Linear Regression¶

Linear regression is a fundamental supervised learning algorithm that models the relationship between one or more input variables (features/regressors) and a continuous output variable (target/dependent variable) using a linear function.

Core Concept¶

Linear regression assumes the relationship between inputs and outputs can be expressed as:

y = w₀ + w₁x₁ + w₂x₂ + ... + wₙxₙ + ε

Where: - y = target output (continuous value) - x₁, x₂, ..., xₙ = input features - w₀, w₁, ..., wₙ = weights (parameters to learn) - ε = error/noise

Simple vs. Multiple Regression¶

Simple Linear Regression¶

One input feature predicting one output:

y = w₀ + w₁x + ε

Example: Predicting house price from square footage

Multiple Linear Regression¶

Multiple input features predicting one output:

y = w₀ + w₁x₁ + w₂x₂ + ... + wₙxₙ + ε

Example: Predicting house price from square footage, location, age, etc.

Learning Algorithm¶

Linear Regression Least Squares Fit Data points (red dots) with the best-fit line. Green lines show the error (residual) for each point.
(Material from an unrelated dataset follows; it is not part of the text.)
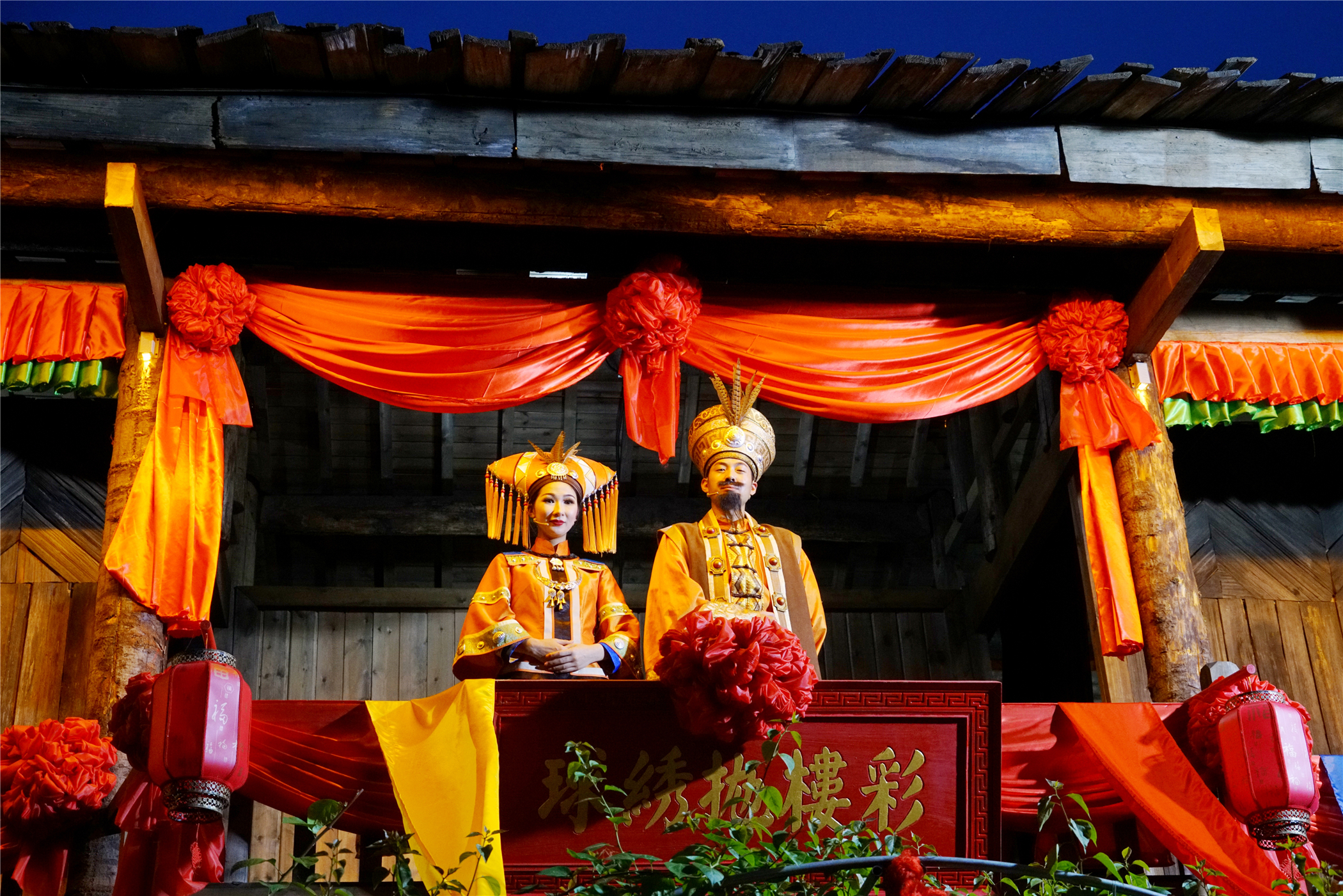 千年宋城桂林,100年前的桂林城有多大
Linear regression minimizes the sum of squared errors.

Objective¶

Minimize sum of squared errors (SSE):

Loss = Σᵢ (yᵢ - ŷᵢ)²

Where: - yᵢ = actual output for example i - ŷᵢ = predicted output for example i

Solution Methods¶

1. Closed-form (Normal Equation) Directly solve for optimal weights in one step:

w = (XᵀX)⁻¹Xᵀy

- Advantage: Exact solution, fast for small datasets - Disadvantage: Computationally expensive for large datasets (matrix inversion O(n³))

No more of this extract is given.